[Stored data]

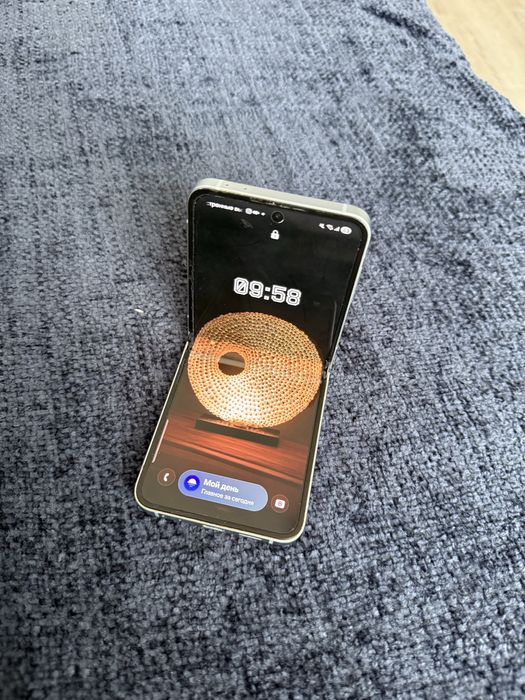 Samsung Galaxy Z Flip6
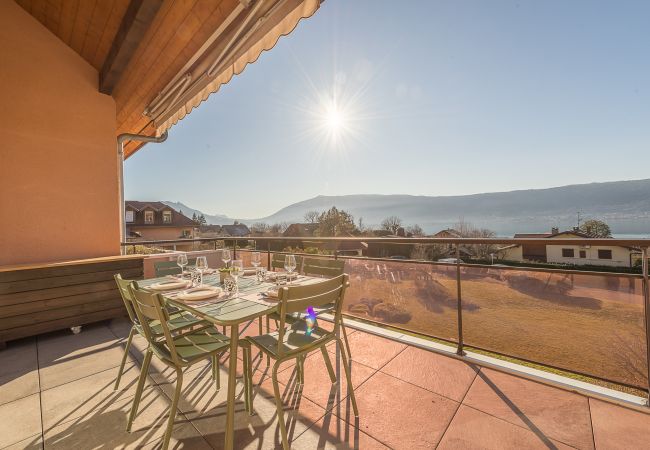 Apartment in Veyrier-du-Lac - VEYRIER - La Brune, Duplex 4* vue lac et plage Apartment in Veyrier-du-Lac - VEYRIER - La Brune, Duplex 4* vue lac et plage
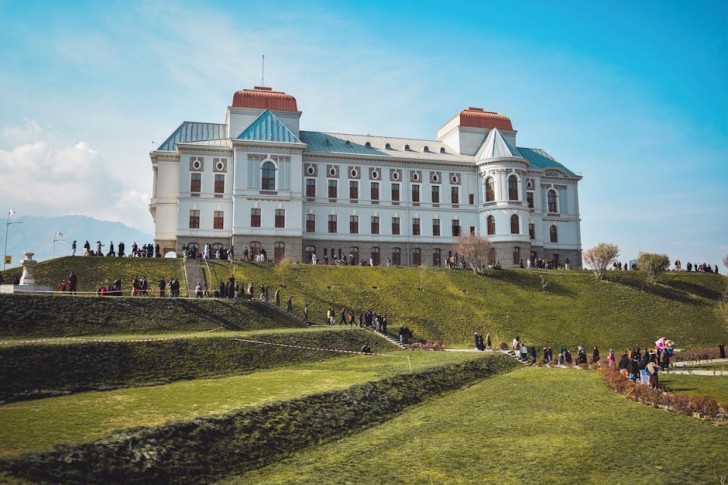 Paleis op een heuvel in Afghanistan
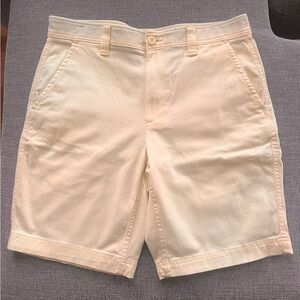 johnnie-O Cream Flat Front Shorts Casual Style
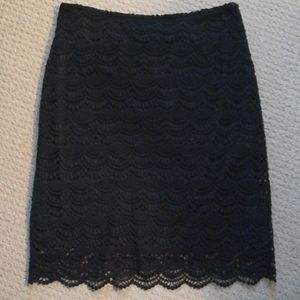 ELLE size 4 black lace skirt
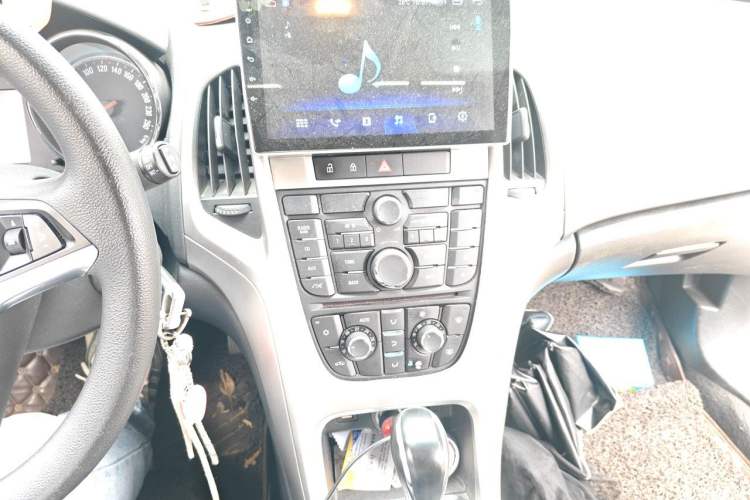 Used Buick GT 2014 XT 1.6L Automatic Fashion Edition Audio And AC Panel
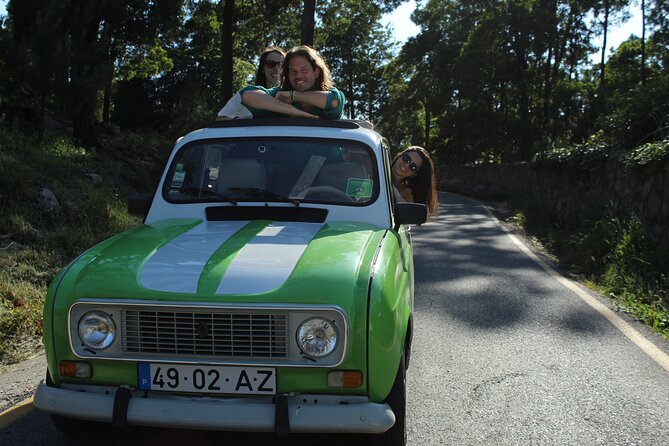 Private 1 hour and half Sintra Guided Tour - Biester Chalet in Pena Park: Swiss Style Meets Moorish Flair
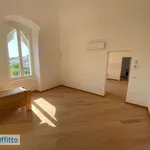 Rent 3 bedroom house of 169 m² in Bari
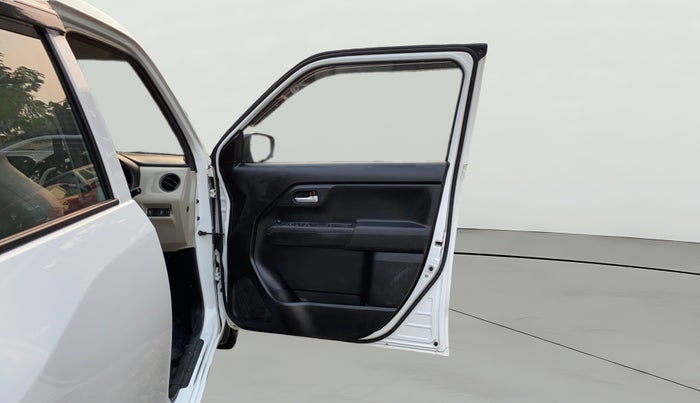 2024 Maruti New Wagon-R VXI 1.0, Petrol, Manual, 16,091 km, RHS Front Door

EXERCISE INSTRUCTIONS: Go through the entries above and print each one exactly, minus the pictures.

PROBLEM SOLUTION:
 Samsung Galaxy Z Flip6
 Apartment in Veyrier-du-Lac - VEYRIER - La Brune, Duplex 4* vue lac et plage Apartment in Veyrier-du-Lac - VEYRIER - La Brune, Duplex 4* vue lac et plage
 Paleis op een heuvel in Afghanistan
 johnnie-O Cream Flat Front Shorts Casual Style
 ELLE size 4 black lace skirt
 Used Buick GT 2014 XT 1.6L Automatic Fashion Edition Audio And AC Panel
 Private 1 hour and half Sintra Guided Tour - Biester Chalet in Pena Park: Swiss Style Meets Moorish Flair
 Rent 3 bedroom house of 169 m² in Bari
 2024 Maruti New Wagon-R VXI 1.0, Petrol, Manual, 16,091 km, RHS Front Door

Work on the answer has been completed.